Could you restate word for word only the lines below from the one holding "Print with flying" to the one holding "Zara Women Faux", inclusive, and leave out the pictures?

## Provided records
+---+
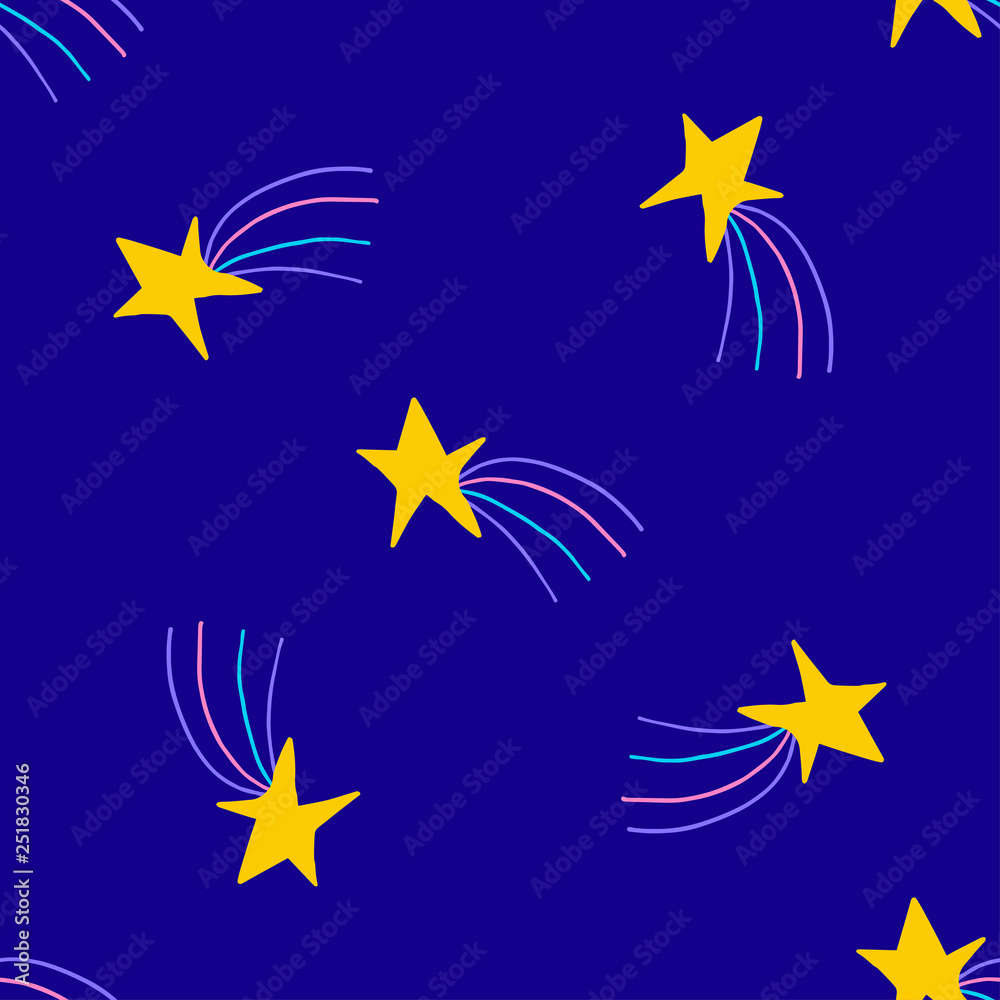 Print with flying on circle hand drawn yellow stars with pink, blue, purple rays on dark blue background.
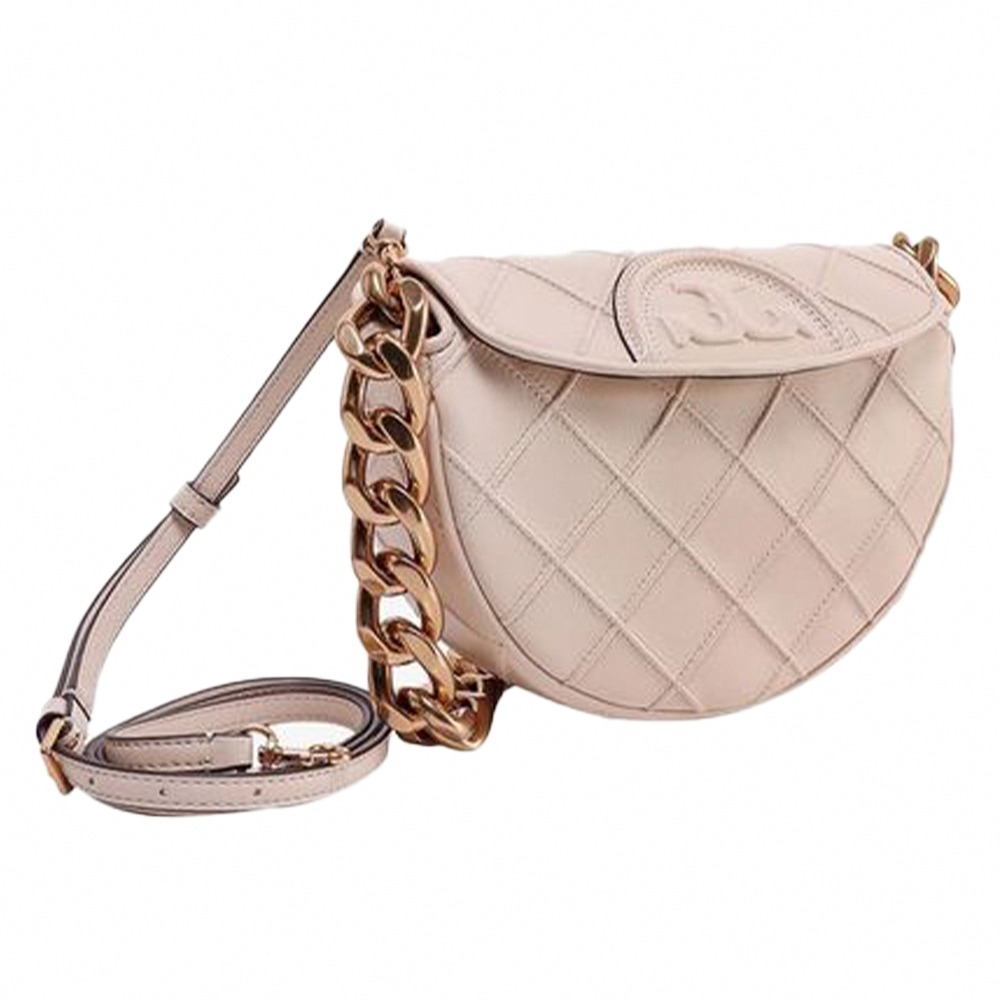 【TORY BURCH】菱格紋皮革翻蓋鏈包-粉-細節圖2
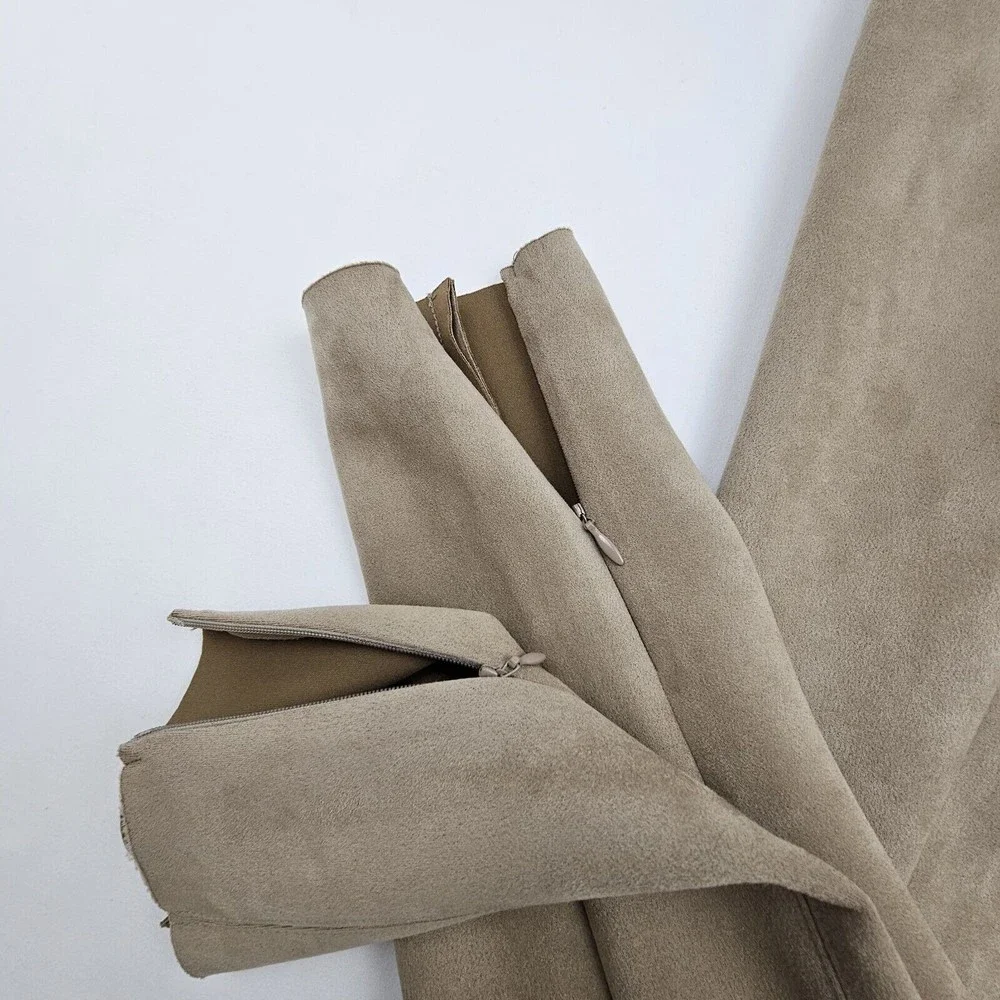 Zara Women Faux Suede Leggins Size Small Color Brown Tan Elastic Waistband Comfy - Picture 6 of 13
+---+
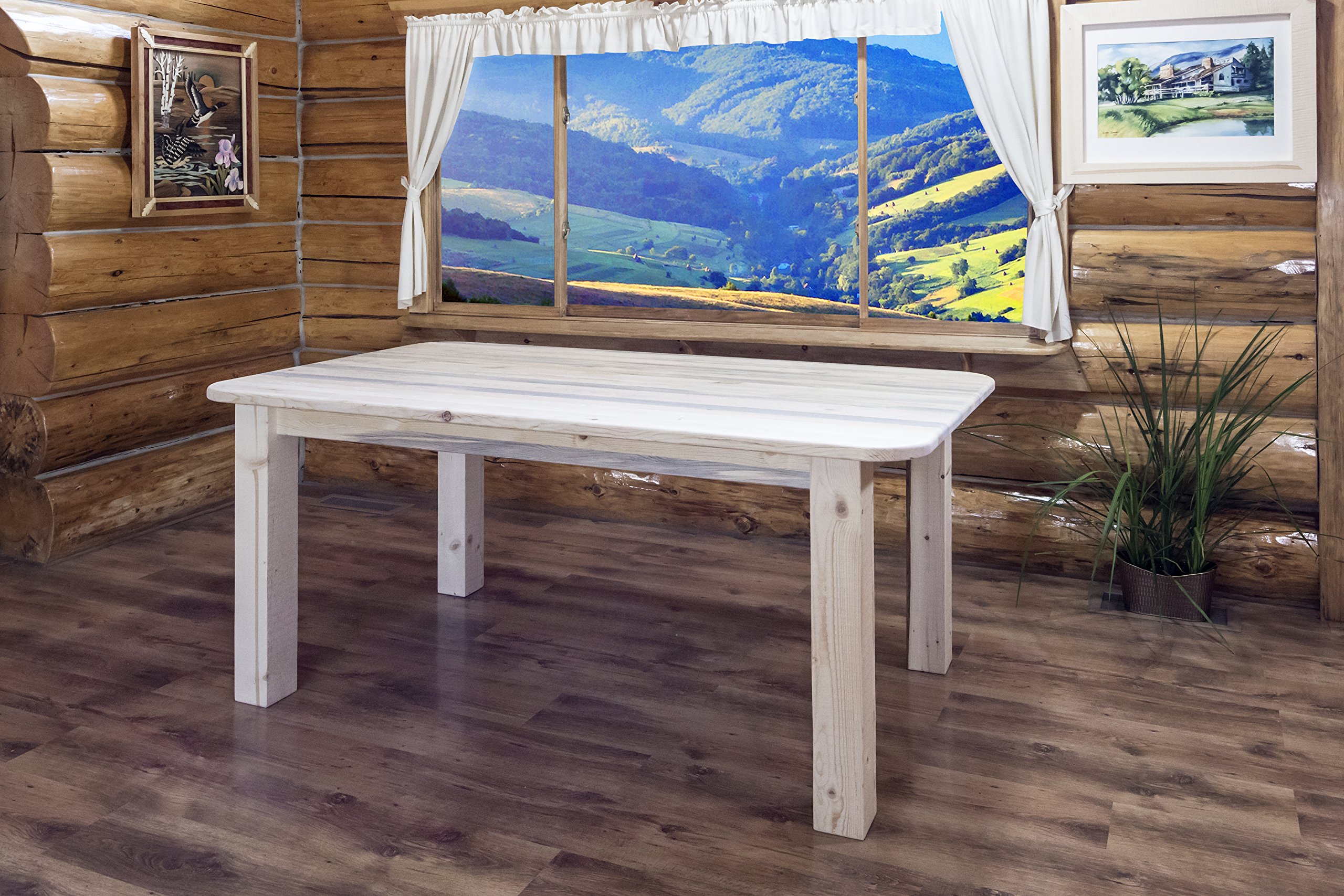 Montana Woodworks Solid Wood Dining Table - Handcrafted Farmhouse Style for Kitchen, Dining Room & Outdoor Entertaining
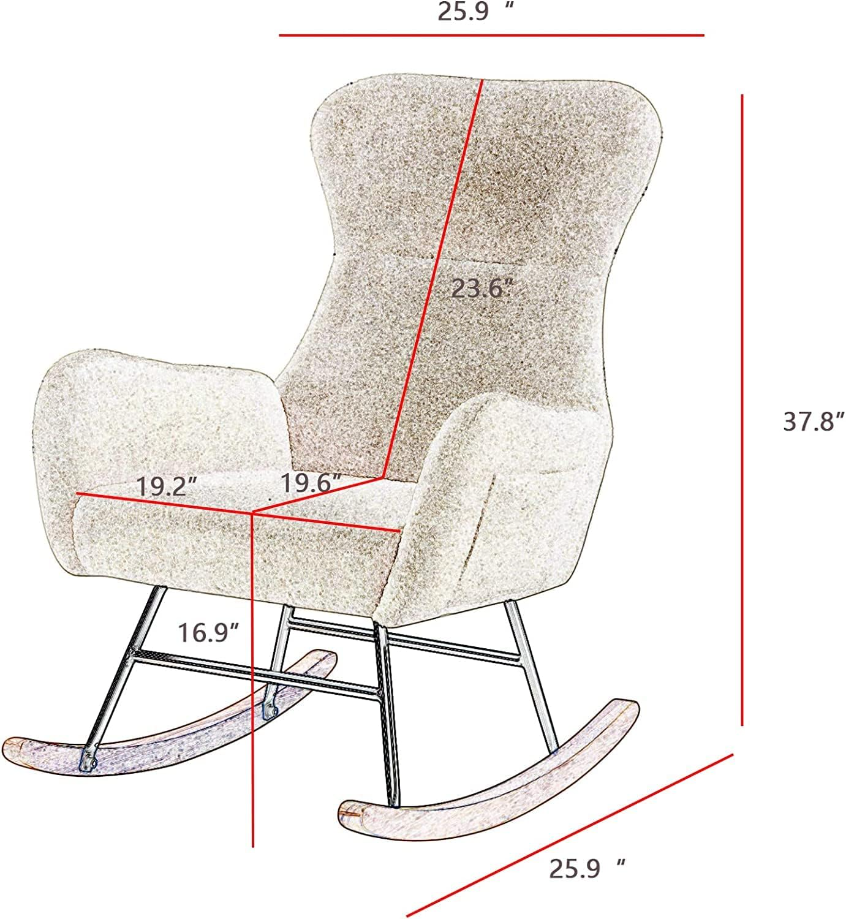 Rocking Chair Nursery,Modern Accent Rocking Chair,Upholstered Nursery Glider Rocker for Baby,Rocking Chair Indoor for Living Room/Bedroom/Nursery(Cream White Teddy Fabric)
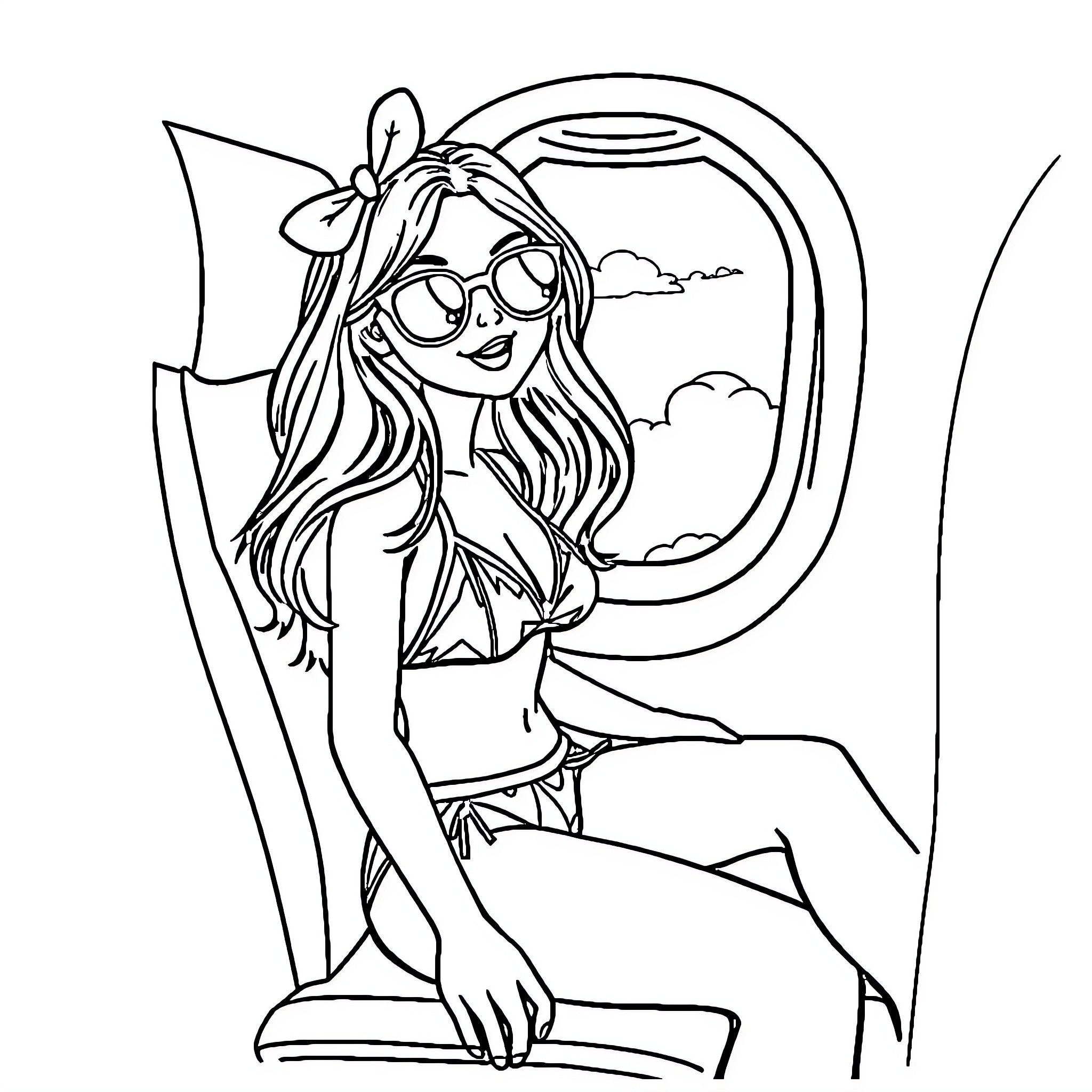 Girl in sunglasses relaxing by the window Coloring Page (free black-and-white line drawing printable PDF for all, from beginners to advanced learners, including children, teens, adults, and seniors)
+---+
## Exercise response
 Print with flying on circle hand drawn yellow stars with pink, blue, purple rays on dark blue background.
 【TORY BURCH】菱格紋皮革翻蓋鏈包-粉-細節圖2
 Zara Women Faux Suede Leggins Size Small Color Brown Tan Elastic Waistband Comfy - Picture 6 of 13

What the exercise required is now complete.